Banjaranama was written by Nazeer Akbarabadi (1735-1830)

The Banjaranama (بنجارانامہ, बंजारानामा, Chronicle of the Nomad) is a satirical Urdu poem, written by the eighteenth-century Indian poet Nazeer Akbarabadi. The poem's essential message is that pride in worldly success is foolish, because human circumstances can change in a flash, material wealth and splendor is always transient, and death is the only certainty for all men. The poem quickly captured the popular imagination, and achieved fame in the Indian subcontinent that has lasted for over two centuries. Critics have observed that, despite the deliberate simplicity of its language, the poem's idioms and imagery were dazzling in their span, and portrayed lives of wealth and power as ultimately subject to a nomad's whims (an allusion to death). The poem continues to be hailed as distilling "the teachings of thousands of years into one summary form."

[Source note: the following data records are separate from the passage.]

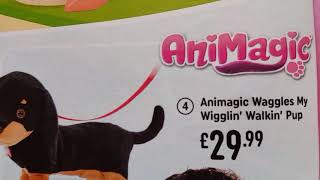 animagic waggles my wigglin walkin pup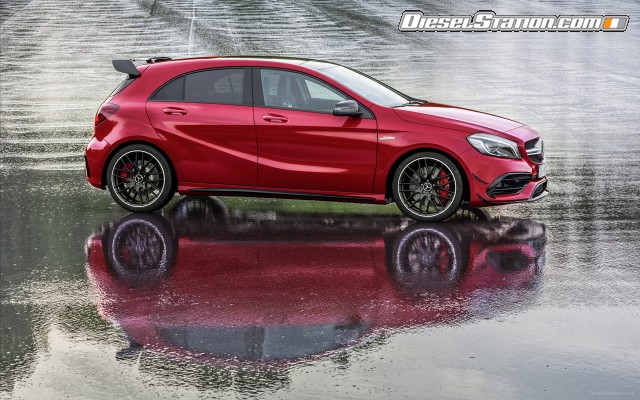 Mercedes Benz A Class 2016 Widescreen Picture #0 Mercedes Benz A Class 2016 Widescreen Picture #0
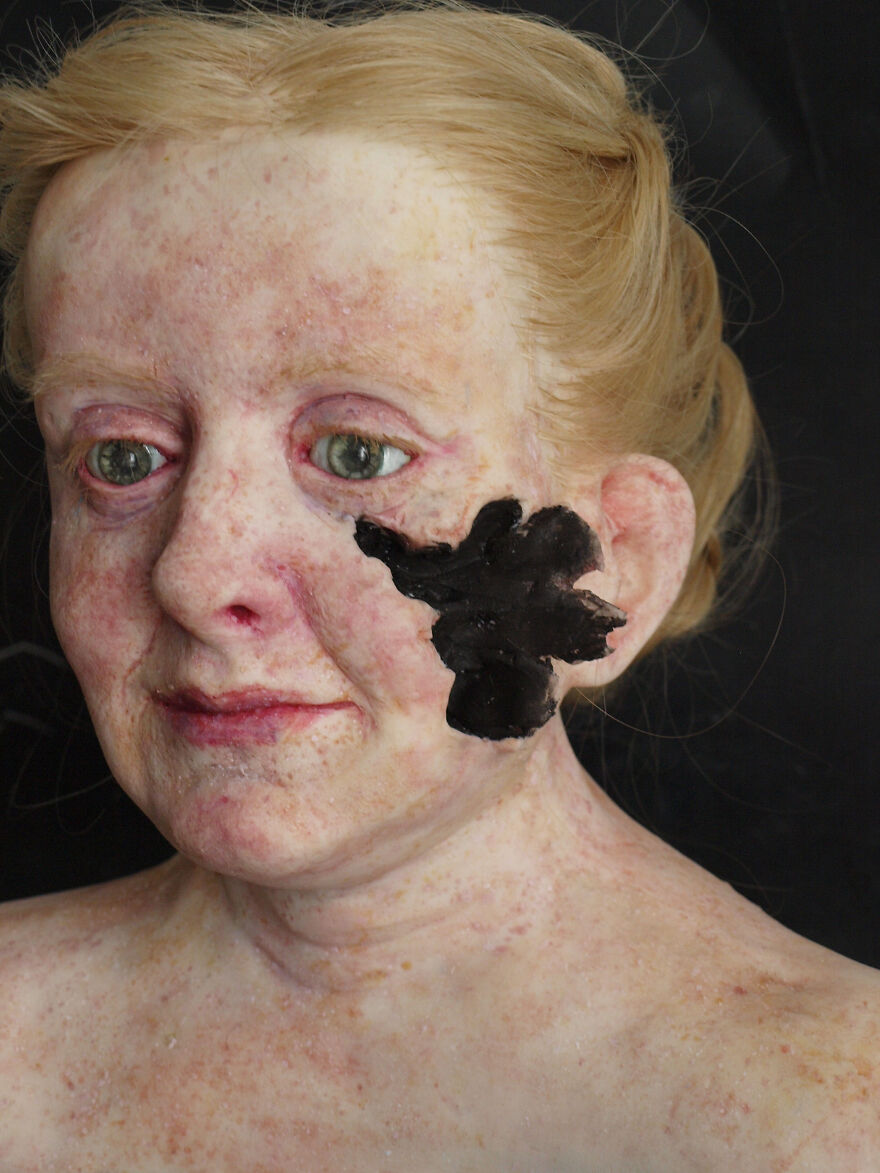 I Study Psychoanalysis And Visualize The States Of The Subconscious In My Sculptures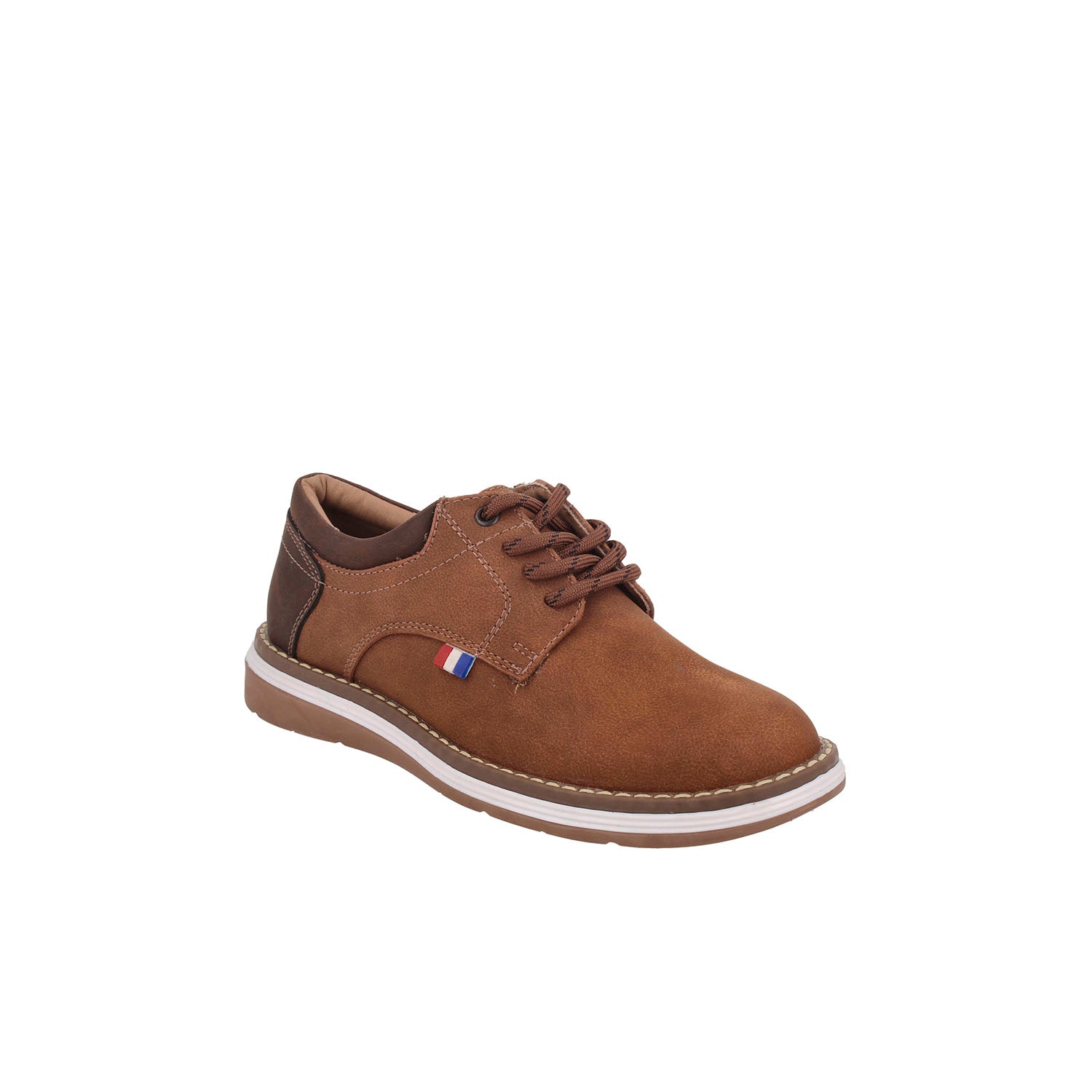 Zapato Casual Bambino color Camel para Junior Niño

==Refrain and example verse==
All verses in the poem end on the same refrain: Sab thaat para reh jayega, Jab laad chalega banjara (All your splendor will lie useless, when the nomad packs-up and leaves). By itself, the refrain is frequently used in popular culture as a reminder that death is the "great leveler" and it is short-sighted to sacrifice conscience to greed. The refrain is sometimes used in political and parliamentary speeches in India as well.
| Urdu | Devnagri transcription | English translation |
| گر تو ہے لکھی بنجارہ اور کھیپ بھی تیری بھاری ہے
 اے غافل تجھ سے بھی چڑهتا اک اور بڑا بیوپاری ہے
 کیا شکر مصری قند گری کیا سانبھر میٹھا کھاری ہے
 کیا داکھ منقا سونٹھ مرچ کیا کیسر لونگ سپاری ہے
 سب ٹھاٹھ پڑا رہ جاویگا جب لاد چلے گا بنجارہ
  | गर तू है लक्खी बंजारा और खेप भी तेरी भारी है
 ऐ ग़ाफ़िल तुझसे भी चढ़ता इक और बड़ा ब्योपारी है
 क्या शक्कर मिसरी क़ंद गरी, क्या सांभर मीठा-खारी है
 क्या दाख मुनक़्क़ा सोंठ मिरच, क्या केसर लौंग सुपारी है
 सब ठाठ पड़ा रह जावेगा जब लाद चलेगा बंजारा
  | If you are a millionaire, and your stores are brimming,
 Know, O ignorant! There is always another merchant who is even greater than you.
 What of your sugar, candy, jaggery and nuts? What of your doughs, sweet and salty?
 What of your grapes, raisins, ginger and pepper? What of your saffron, cloves and betel?
 All your splendor will lie useless, when the nomad packs-up and leaves.
  |

==Usage of common language==
Contrary to the then prevalent tradition of using refined literary language in poetry, Nazeer Akbarabadi chose idioms and words from the casual language spoken in the street, both in Banjaranama and in his other works. Though the poem as a whole is largely comprehensible to native Hindustani speakers in the modern-day, some words are considered archaic today, such as dakh (داکھ, दाख, grape, from the Sanskrit द्राक्ष, draksh) which has been completely replaced by the Persian-derived term angoor in modern Hindi.